── Records for the task ──

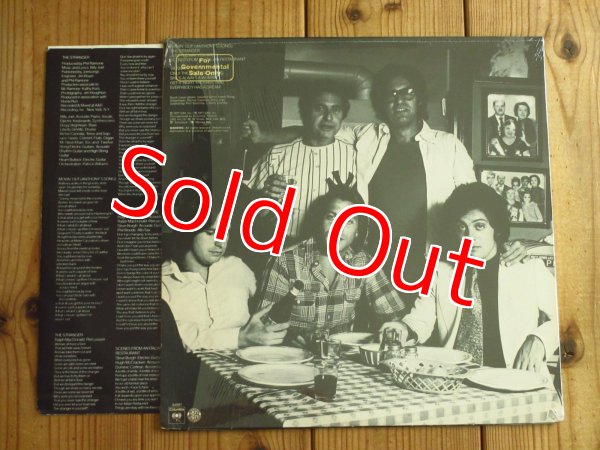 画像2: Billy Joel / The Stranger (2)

───
── Records for the task ──

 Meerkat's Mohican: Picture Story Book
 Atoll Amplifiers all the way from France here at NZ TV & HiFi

───
── Records for the task ──

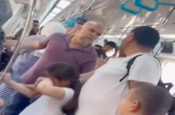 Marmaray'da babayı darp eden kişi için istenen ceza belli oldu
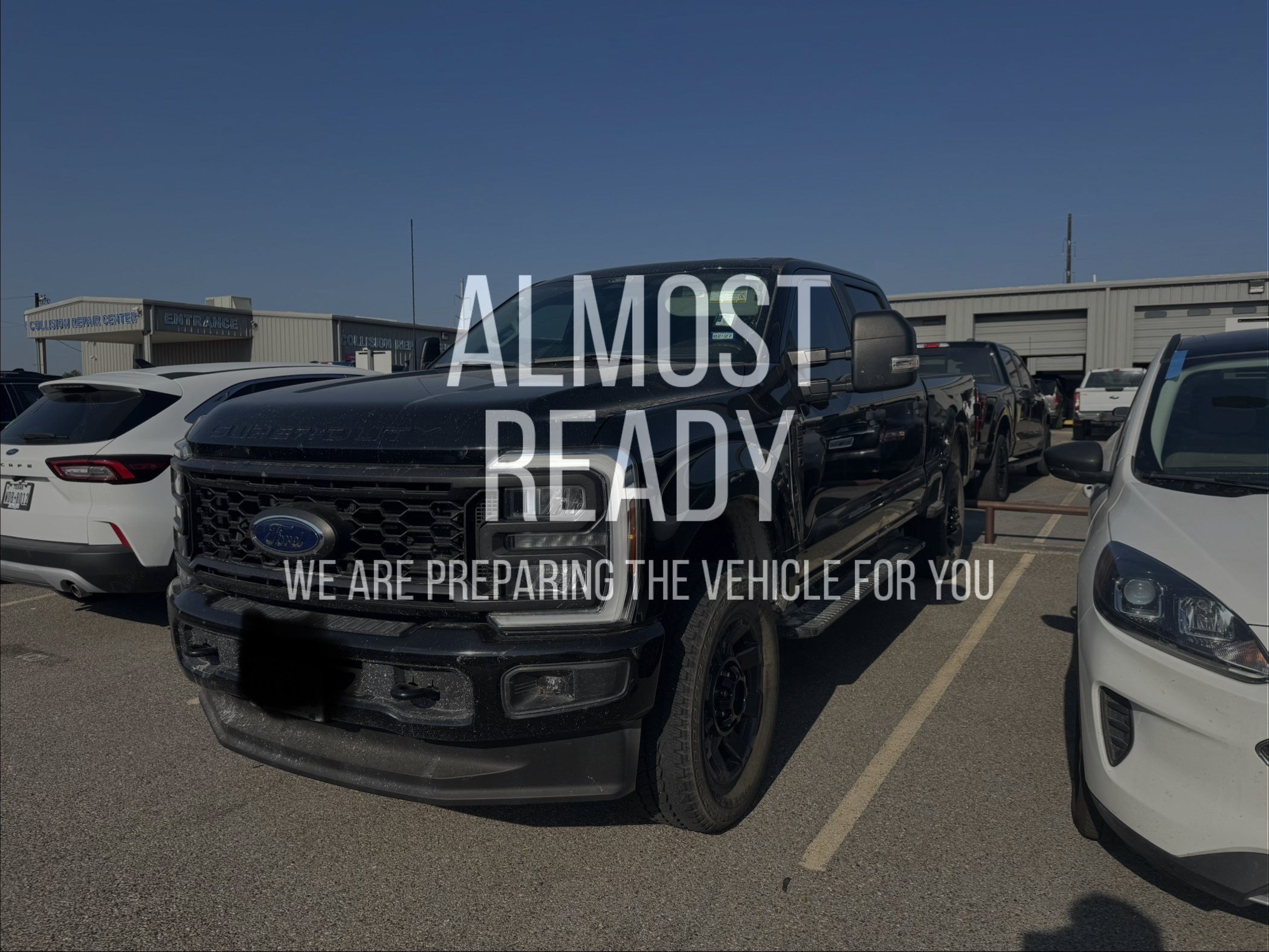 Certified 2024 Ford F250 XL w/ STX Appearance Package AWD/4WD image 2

───

[Task objective]
Going by the data above, give back only the lines from the one containing "Marmaray'da babayı darp" through the one containing "Certified 2024 Ford", exactly as they stand, both ends included and no images.

[Response below]
 Marmaray'da babayı darp eden kişi için istenen ceza belli oldu
 Certified 2024 Ford F250 XL w/ STX Appearance Package AWD/4WD image 2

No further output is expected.